Natu­rel­le­ment tout le cof­fret est mémo­rable et consti­tue une somme de réfé­rence. Par où com­men­cer ? Le mor­ceau le plus acces­sible est for­cé­ment la pre­mière sym­pho­nie, dite « Clas­sique », pas­tiche du style de Haydn et Mozart par un potache de vingt-six ans. Les chefs‑d’œuvre sym­pho­niques sont pro­ba­ble­ment les cin­quième et sep­tième sym­pho­nies, conden­sé de tout son art. Par­mi les concer­tos, dif­fi­cile de choi­sir entre le pre­mier pour pia­no (par un génie de vingt ans), le troi­sième pour pia­no (mer­veille abso­lue) et le pre­mier pour vio­lon d’une sub­ti­li­té incroyable (et ici inter­pré­té par un Leo­ni­das Kava­kos brillan­tis­sime). Ensuite, décou­vrez la troi­sième sym­pho­nie, entiè­re­ment com­po­sée sur des motifs de son opé­ra mau­dit L’Ange de feu, puis son deuxième concer­to pour pia­no, joué tout en puis­sance par le colosse Denis Mat­suev. Et bien enten­du les can­tates consti­tuées pour le concert d’après les musiques com­po­sées pour les deux chefs‑d’œuvre d’Eisenstein, Alexandre Nevs­ki et Ivan le Ter­rible.
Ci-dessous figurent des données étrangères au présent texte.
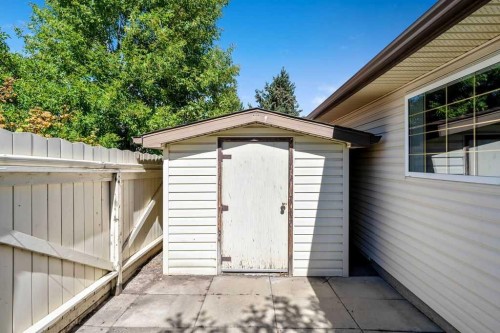 28 Brazeau Crescent Sw, Calgary, AB 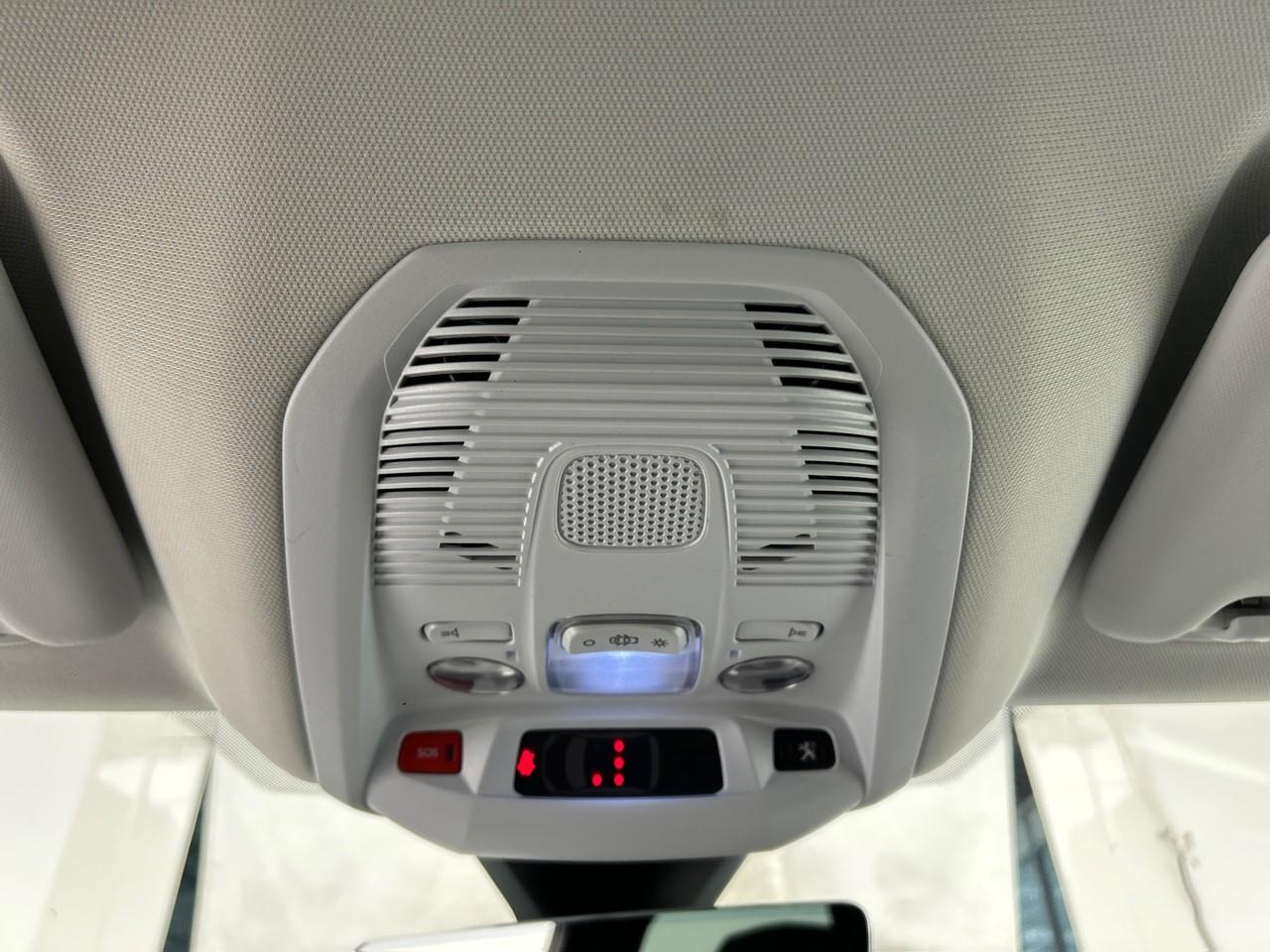 Peugeot 3008 hybrid 225 e-eat8 allure pack — photo 32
L’épopée d’Alexandre Nevs­ki, qui boute au XIIIe siècle les Teu­tons hors de Rus­sie (nous sommes en 1938 !), a été res­ti­tuée par le grand cinéaste Eisen­stein dans un film chef‑d’œuvre où l’association et la syn­chro­ni­sa­tion du film et de la musique seront une réfé­rence pour le reste du siècle. 

Vous l’avez com­pris : un cof­fret où l’on revien­dra sans cesse, pour de nou­velles décou­vertes.